Why do they use humans as power plants? Because otherwise there’s no reason for the Matrix to keep humans alive, and then you can’t have Neo go from ignorance to awareness.
Why doesn’t the AI just make a big cage appear around Neo/Morpheus/Trinity to capture them? Because then the plot goes nowhere.
The Matrix was a fun movie, but the plot is completely illogical; it’s not even consistent with itself. It had to be, because they started with the concept (imaginary world in which computer hackers can do kung fu) before they designed the plot.
Let’s be honest; everything about the plot is basically an excuse for a computer hacker to do karate and shoot the place up. There’s no underlying logic or backstory. The Matrix’s story exists simply to fulfill the wet dreams of teenaged boys; You may think you’re a hopeless computer geek, but this guy thought the same thing and HE got to do awesome karate stunts, shoot guns, and get kissed by a pretty girl. It’s a marketing ploy, nothing more and nothing less.
RickJay, much of what you just said could be said about any number of stories. For example, The Iliad is nothing but propaganda created by Romans disgusted by their own brutality in Troy and embarrassed that it took them so long to squash one little city. The Odyssey is simply pandering to the masses’ desire for gore and the nobles’ desire for praise from every corner. Obviously, this means Homer has nothing to say. Romeo and Juliet is full of mindless violence and gratuitous premarital lust, Hamlet is all about incest and killing (‘nobler in the mind’ my left asscheek), and A Midsummer Night’s Dream is banal, escapist pap chock full of sex and idiocy. Shakespeare is a complete loon.
Okay, settle down. I’m just being sarcastic. But reading such cynical nonsense tends to do that to me. If you were to turn that cynicism of yours to any other field, you would easily be able to conclude that everything is complete and utter bullshit and nothing is worthy of your precious time. You would also be missing the point entirely and making an unmitigated ass of yourself. To be that cynical is to demand more than life will ever give you. I sincerely hope you can find joy in some fields of life, because going to the grave a snarling cynic means going to the grave unhappy.
It is quite interesting to read the responses both to the OP as well as my question regarding cows as bioelectric energy.
The Matrix is a work of fiction, but fiction can also be ART.
If an artist inspires people to think, dream, and make conjecture about their work: then the artist has accomplished his/her task.
One can look at Whistler’s Mother and see nothing but an old lady on a rocking chair, others can see there is a lot more to the story behind the picture than just that.

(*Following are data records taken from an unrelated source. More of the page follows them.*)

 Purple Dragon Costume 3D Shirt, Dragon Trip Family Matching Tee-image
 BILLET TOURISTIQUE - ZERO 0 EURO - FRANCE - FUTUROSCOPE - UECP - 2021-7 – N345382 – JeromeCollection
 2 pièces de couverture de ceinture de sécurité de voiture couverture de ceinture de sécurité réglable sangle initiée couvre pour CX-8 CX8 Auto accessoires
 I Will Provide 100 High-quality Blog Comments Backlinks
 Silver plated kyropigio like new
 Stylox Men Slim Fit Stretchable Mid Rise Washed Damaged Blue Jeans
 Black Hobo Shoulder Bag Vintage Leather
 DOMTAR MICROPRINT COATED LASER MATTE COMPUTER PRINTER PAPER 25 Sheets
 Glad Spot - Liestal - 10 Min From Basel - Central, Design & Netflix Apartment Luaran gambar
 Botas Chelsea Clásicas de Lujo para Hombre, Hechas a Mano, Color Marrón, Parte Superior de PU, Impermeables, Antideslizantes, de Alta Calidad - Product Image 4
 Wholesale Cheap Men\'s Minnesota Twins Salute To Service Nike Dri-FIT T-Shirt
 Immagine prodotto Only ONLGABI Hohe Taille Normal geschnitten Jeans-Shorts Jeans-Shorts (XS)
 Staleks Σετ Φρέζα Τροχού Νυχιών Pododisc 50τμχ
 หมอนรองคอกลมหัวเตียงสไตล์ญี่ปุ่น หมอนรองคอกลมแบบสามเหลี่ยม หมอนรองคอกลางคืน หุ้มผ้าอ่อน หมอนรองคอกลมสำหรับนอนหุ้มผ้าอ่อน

Someone can look at The Matrix as nothing more than a story; others can look into it and see a lot more.
OK, one more time. Of course you COULD use humans as a power source. But the trouble is that humans require power to run, they need food. So, in order to use humans as a power source, you’d have to provide them with food of some sort, even just the slurry they eat on the Nebucanezzer. And that food requires energy to produce. And the laws of thermodynamics show that you will always, always, always and without exception get less energy out than you put in.
If the machines need power, they could get much more just burning the food/slurry themselves. Or much much more by using the energy needed to produce the food/slurry to power themselves.
Sheesh. NOW do you understand why using humans as a power source doesn’t make sense? Or do we need another elementary physics lesson?
re: why the AIs didn’t use cows, nuke energy etc. instead of human batteries…
…because humans were their enemy (remember humans tried to kill off the AIs) and the AIs enjoyed the irony of keeping humans around as their slaves. Plus, we’d continue making TV programs in the Matrix for them to watch.